Семнадцать лет при А.Т. Твардовском я был его автором (четыре года – при Симонове). После ухода А.Т. (ушел? ушли?) я дал себе зарок – больше не печататься в “Новом мире”. Мы советовались с Юрием Трифоновым: он будет и дальше печататься, я – нет, я гораздо больше был связан с А.Т. и в литературе-то оказался благодаря ему.

Надо бы написать об этом подробнее, не хочется повторяться: писал уже. В каком-то сборнике, посвященном памяти Твардовского, кажется, 12 эпизодов из встреч и бесед с ним.

Карпов – он долго был сначала заместителем, а потом главным редактором “НМ” – многократно приглашал меня к сотрудничеству, я не шел. В то время “Наш современник” был, пожалуй, самым любопытным по прозе, я пошел туда, но в 1986 году, будто предвидя ближайшие события, отдал рассказ “Женщина и НТР” в “Новый мир”. Тем более что это рассказ интеллигентский, “Наш современник” уже тогда такие не жаловал.

Я так жалею, так жалею, что слишком мало общался с Юрием, все откладывал на потом, Юрия (и Шукшина) очень не хватало, не хватает все эти годы – “перестроечные”.

Шел я на “Новый мир” годика на два-три – никак не больше. Самому годиков-то уже 72! Вот-вот и 73! Сколько же можно еще тянуть? Чувствовал за собою и еще одно обстоятельство: я – первый беспартийный главный! Сами (т.е. ЦК) назначили – значит, сами и должны будут считаться с тем главным, который не подчинен партдисциплине (и партиерархии).

И действительно: “НМ”, по крайней мере до тех пор, пока всеобщий финансовый крах и развал не охватили и его (а в финансах и предпринимательстве я ничего или ничтожно мало понимаю), был моим делом. Интересно было делом заниматься, интересно было узнавать, ни одна из перипетий, с ним связанных, меня не угнетала, а только занимала, увлекала даже. И так шло долго – до середины 1992 года примерно.

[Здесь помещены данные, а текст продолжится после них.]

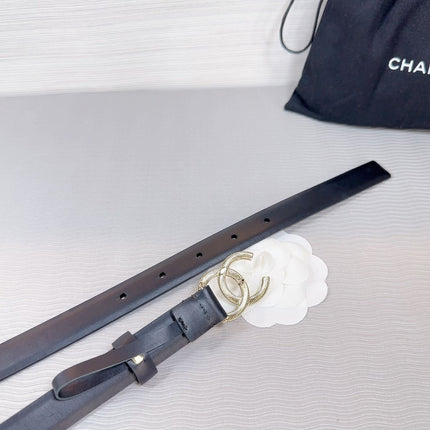 CC BELT 20 MM IN BLACK SMOOTH CALFSKIN GOLD HARDWARE ATTACH RHINSTONE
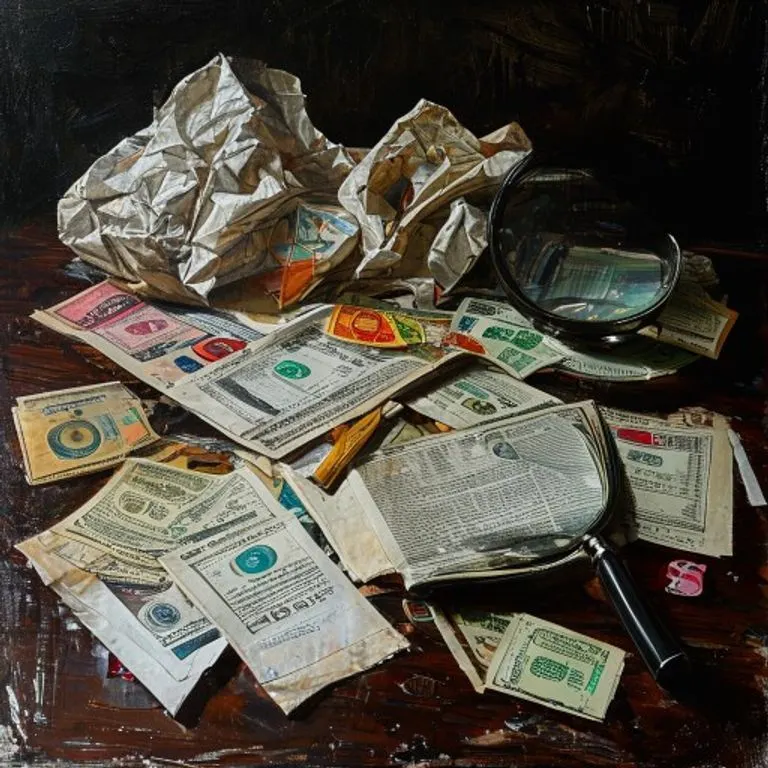Pintura conceptual al óleo de documentos legales arrugados y símbolos de divisas internacionales sobre un escritorio, con una lupa intentando enfocar el texto ilegible.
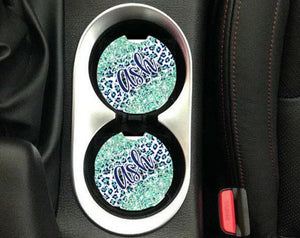 Navy Blue Mint Green Leopard Sandstone Car Coasters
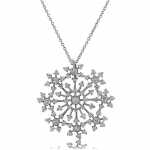 Sterling Silver Cubic Zirconia CZ Accent Snowflake Pendant Necklace, Valentine's Day Gift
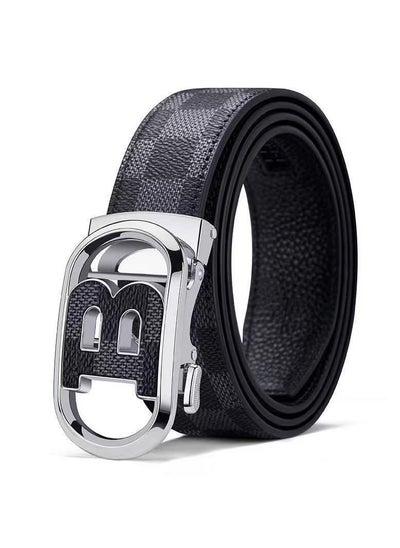 Buy Full Card Slot Plaid Mens Fashion Light Luxury Letter Buckle Belt in UAE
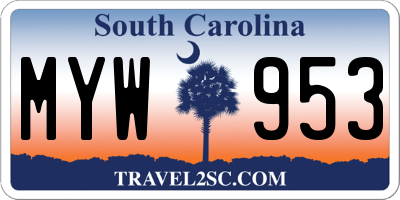 SC license plate MYW953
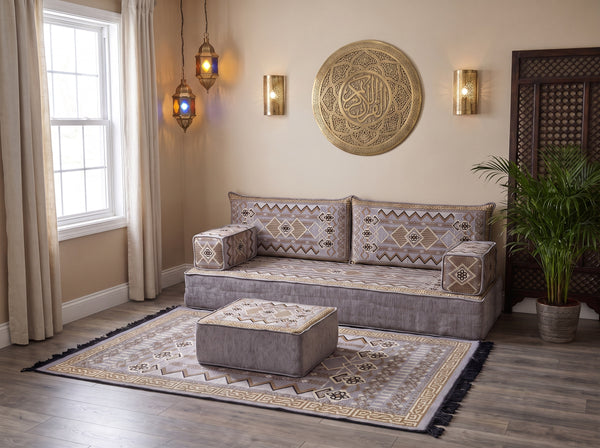 Gray Ornate Illusion pattern Arabic floor sofa set, photo 6 of 8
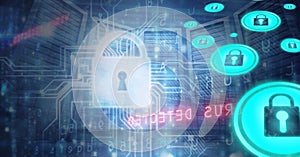 Composition of online security padlocks over computer circuit board and computer servers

Ну а потом… Не знаю, дойду ли я до этого “потом”. Уж очень оно муторное…

Все тот же вопрос о “записках”.

Почему “записки”, а не дневник?

Не знаю, почему я не умею вести дневников, – они мне претят, да и только. Но незнание, неумение тоже можно объяснить, попытаться это сделать. Попытаюсь.

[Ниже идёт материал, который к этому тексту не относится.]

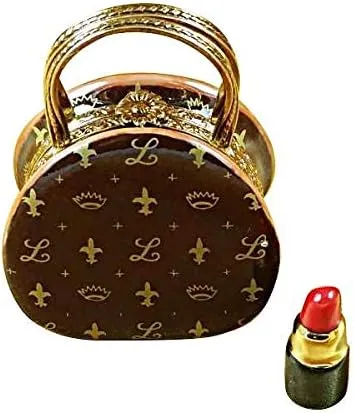 Rochard - Fashion Rochard Limoges Box - Designer Purse with Lipstick Limoges Box
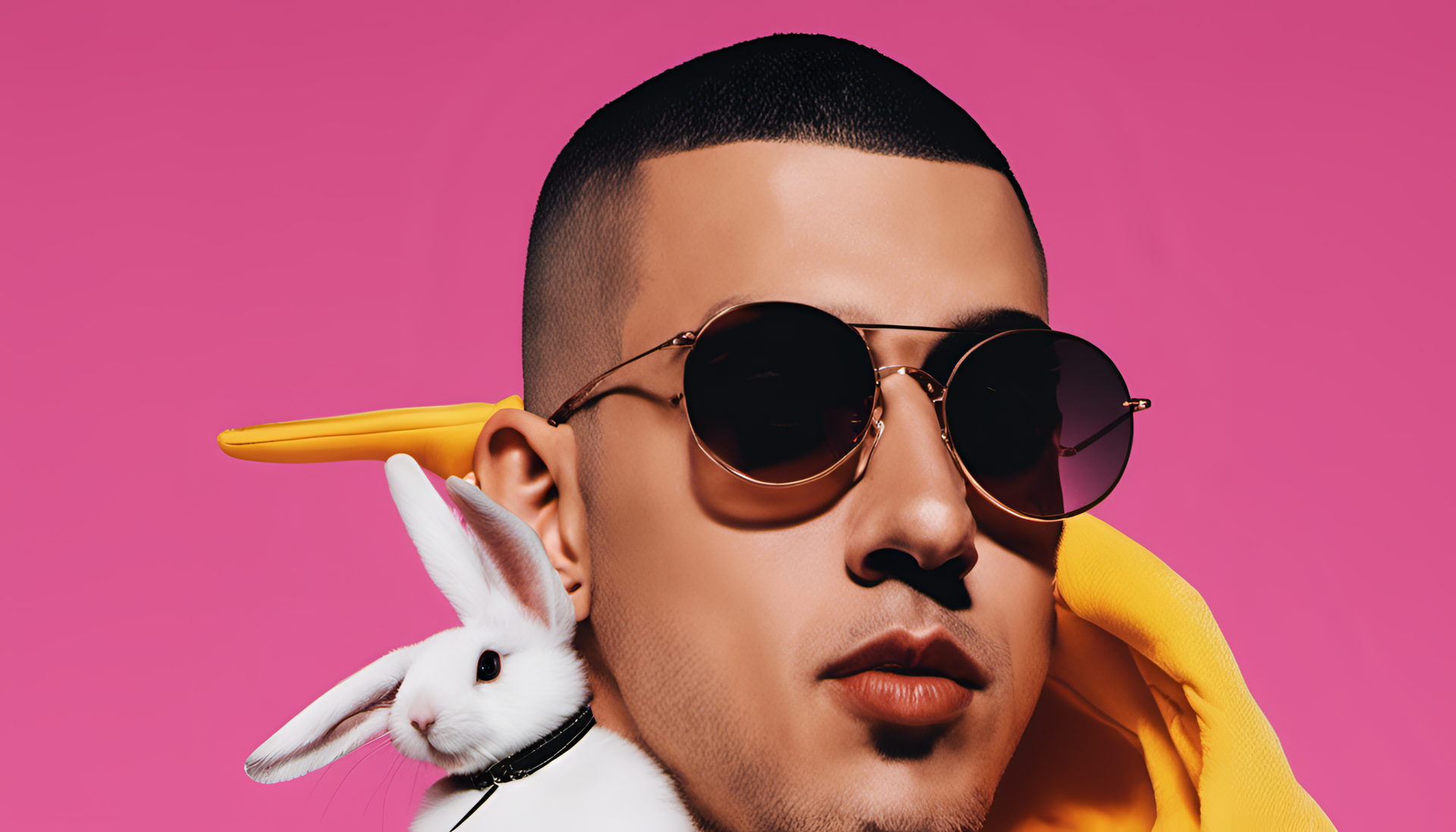 Bad Bunny wearing sunglasses and a vibrant yellow outfit, surrounded by colorful geometric shapes.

Для меня (а может быть, и вообще?) существует только то, что я помню. Жизнь так и делится на две части – запомнившуюся и забытую.

Забытая тоже была, действовала на меня – на мой психологический склад, на то, как складывался мой способ мышления, на здоровье, на мои привычки, на судьбу – все это так, однако то, что не сохранилось в памяти, не существует для меня. Оно выпало не из всей жизни, но из жизни памяти, оно – тоже я, но бессознательное, а всякое размышление о себе и о событиях требует памятного сознания. Без памяти нет факта.